La solución al totalitarismo soviético y nazi pasan por recuperar al Dios cristiano como timón de la vida pública, dice nuestro eminentísimo cardenal. Y sigue; la culpa del totalitarismo no es de la ideología, de la concepción del mundo, de su voluntad de control de toda la vida social, política y cultural. No. La culpa del totalitarismo es, como él recalca, el «Estado moderno» en su versión «laicista». Por lo visto, Don Rouco no ha reflexionado seriamente sobre el hecho de que la motivación de los totalitarismos no es exterminar ninguna «conciencia cristiana», sino cualquier tipo de «conciencia» que no concuerde con su brutal maquinaria de odio e intolerancia. Cualquier tipo de «conciencia» que estorbe el control social, político y cultural al que aspira, recurriendo, si hace falta, a la tortura, a la persecución y a la represión violenta para perpetuar su visión total y omniabarcante… y controlar así cualquier indicio de movimiento, reunión o asociación que se le oponga.

Relacionar la voluntad de convivencia entre credos religiosos y políticos -sin que eso suponga razón de conflicto en la gestión de los asuntos humanos- con el totalitarismo, así como abogar por «eficaces» silencios en tiempos de barbarie, es la mejor manera de hacer que su iglesia siga perdiendo fieles. Y también, como no, es una interpretación semántica interesada y una falta de tacto para los matices históricos -ni siquiera la equiparación de la brutalidad del nazismo con la del comunismo soviético tiene consistencia alguna- que roza la más sonrojante de las vanidades intelectuales. Para Don Rouco, la crítica al estado moderno lleva necesariamente a la postulación del Evangelio como «luz» de la vida pública. Para Don Benedicto, el silencio ante la barbarie y la tortura, si es contemplada por una conciencia cristiana, es una cauta muestra de «eficacia» y «solidaridad» con el pueblo judío.

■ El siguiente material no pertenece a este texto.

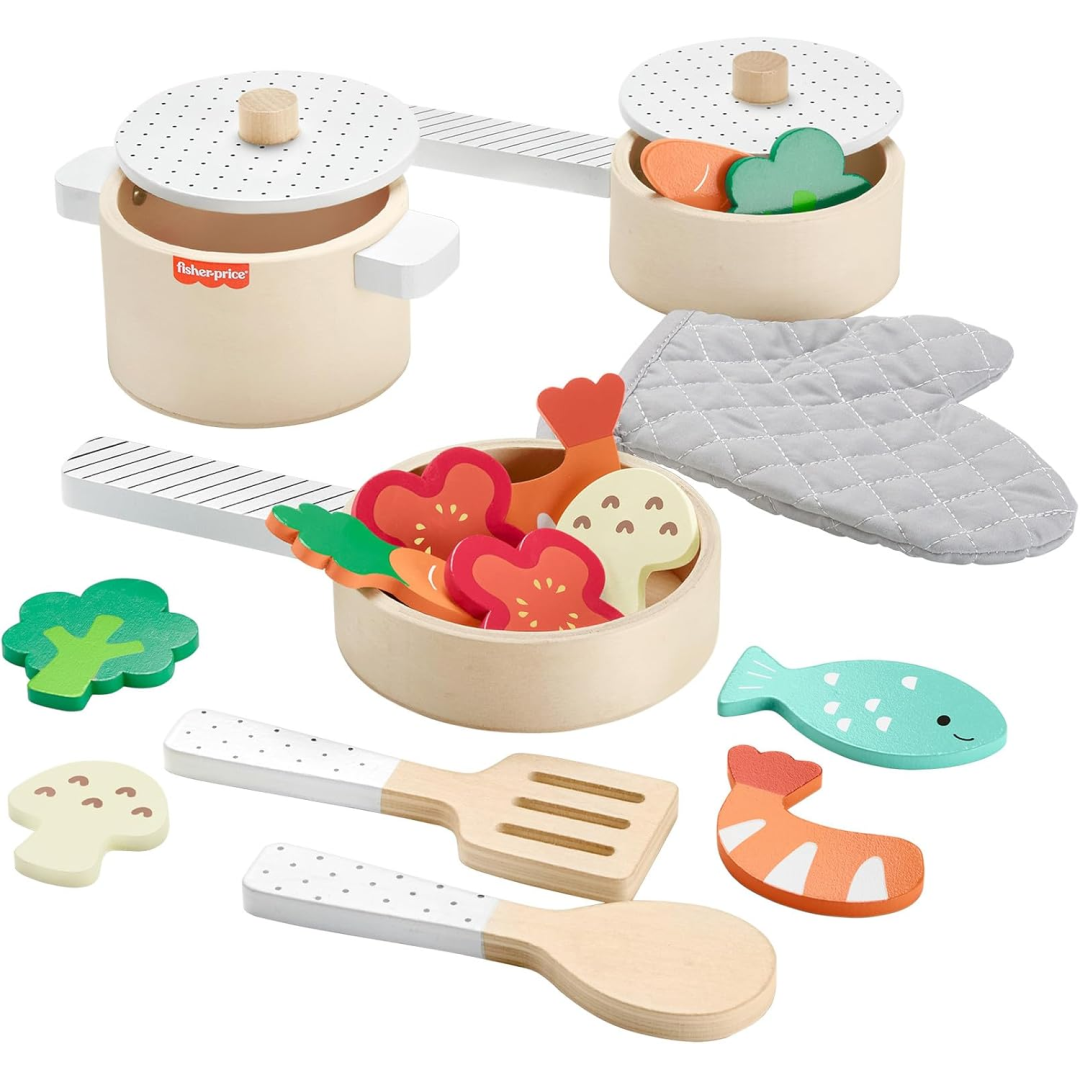 Fisher-Price Wooden Pots and Pans Play Set New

!Amén!, !reza de rodillas, madre Gaia!

Ante tales silencios y tales remedios, uno prefiere buscar consuelo en la tortilla de patatas. Quizás no sea un consuelo muy trascendente, pero la inmanente sensación de placer que reporta es más real que el pobre fundamento de los argumentos y sus supuestos peligros y demonios contra los que lucha.